** Work to be completed **
In the listing that follows, the range to quote begins at the line that has "Side profile of" and ends after the line that has "Classroom with small"; quote it verbatim and add nothing.
[Opening Records for this exercise section]
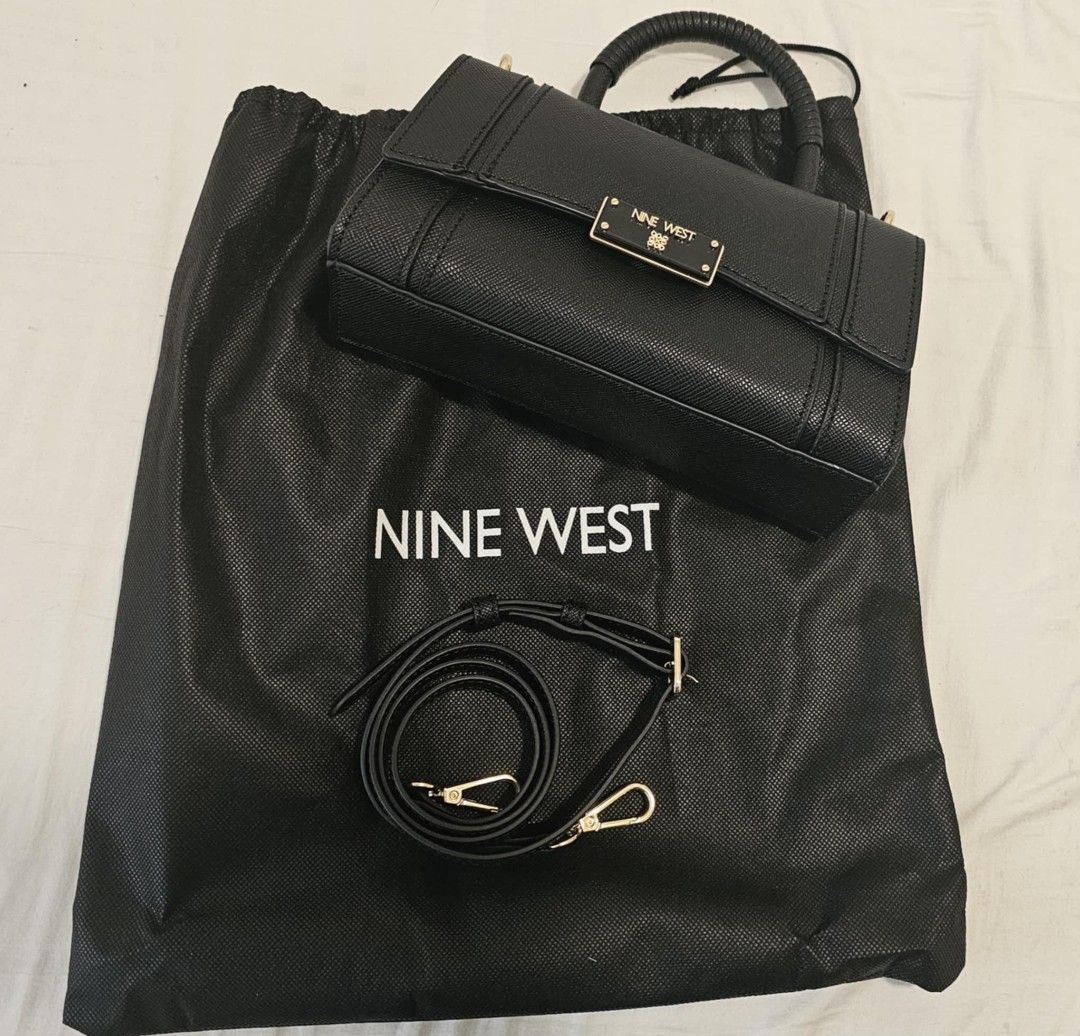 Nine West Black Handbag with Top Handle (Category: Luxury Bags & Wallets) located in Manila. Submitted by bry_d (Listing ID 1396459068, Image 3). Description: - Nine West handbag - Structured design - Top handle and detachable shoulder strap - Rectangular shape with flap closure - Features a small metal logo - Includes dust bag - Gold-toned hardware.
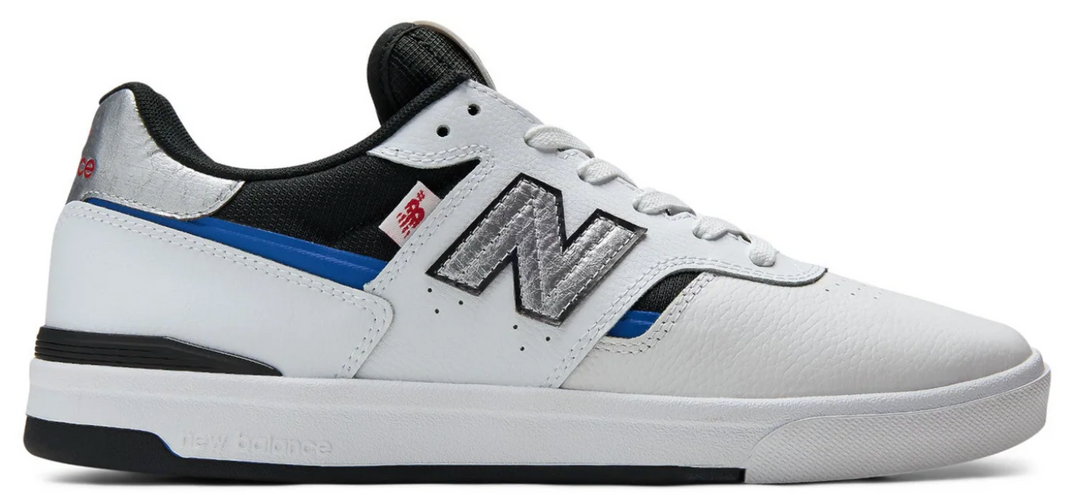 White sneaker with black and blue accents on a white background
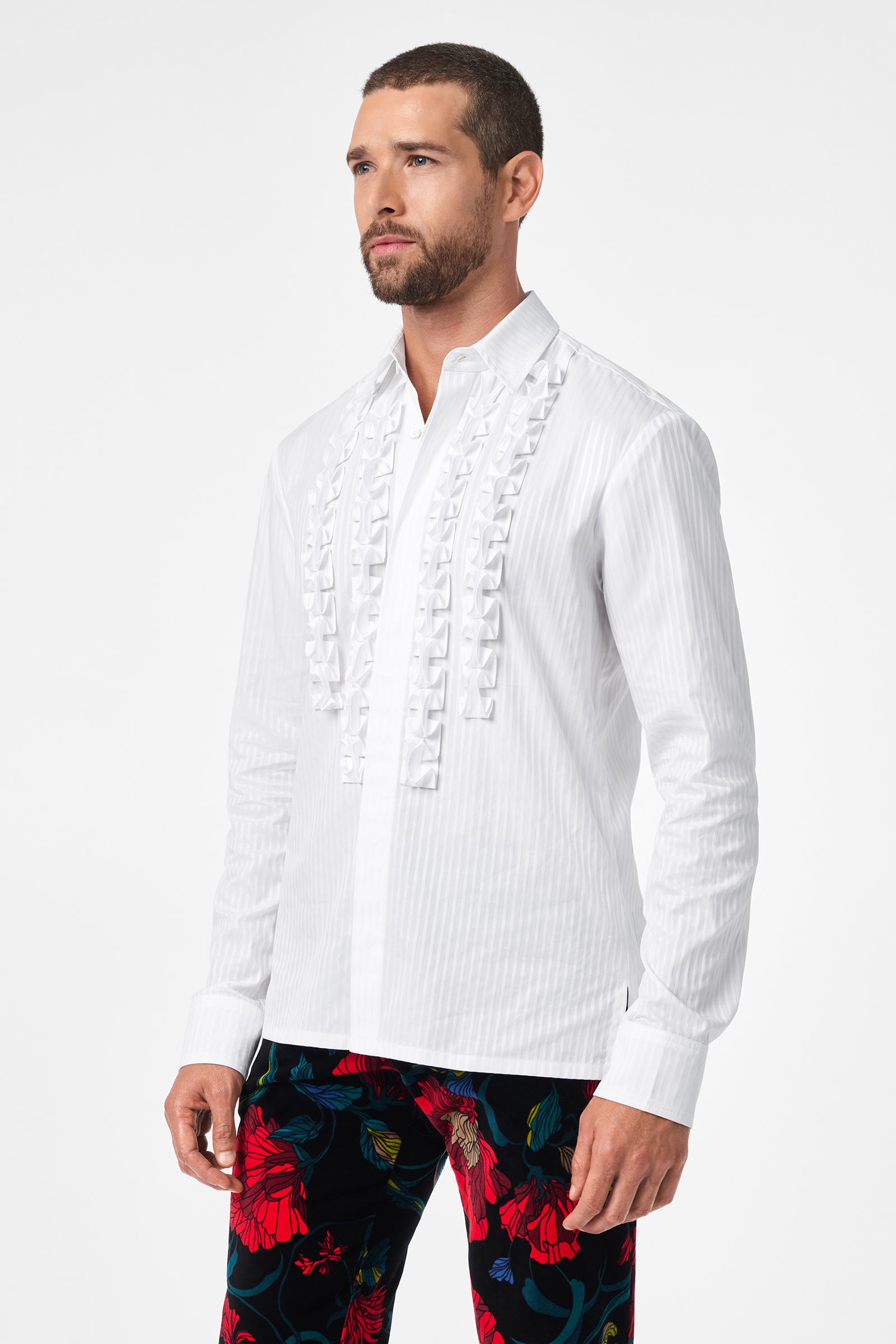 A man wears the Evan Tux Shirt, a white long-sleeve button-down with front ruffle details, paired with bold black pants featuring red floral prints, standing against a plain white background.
[Closing Records for this exercise section]
[Opening Records for this exercise section]
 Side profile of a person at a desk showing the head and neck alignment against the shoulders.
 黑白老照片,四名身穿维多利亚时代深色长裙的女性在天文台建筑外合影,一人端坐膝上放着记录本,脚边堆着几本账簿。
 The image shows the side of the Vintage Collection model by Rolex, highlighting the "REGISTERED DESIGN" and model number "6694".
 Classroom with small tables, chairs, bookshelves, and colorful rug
[Closing Records for this exercise section]
** Task output **
 Side profile of a person at a desk showing the head and neck alignment against the shoulders.
 黑白老照片,四名身穿维多利亚时代深色长裙的女性在天文台建筑外合影,一人端坐膝上放着记录本,脚边堆着几本账簿。
 The image shows the side of the Vintage Collection model by Rolex, highlighting the "REGISTERED DESIGN" and model number "6694".
 Classroom with small tables, chairs, bookshelves, and colorful rug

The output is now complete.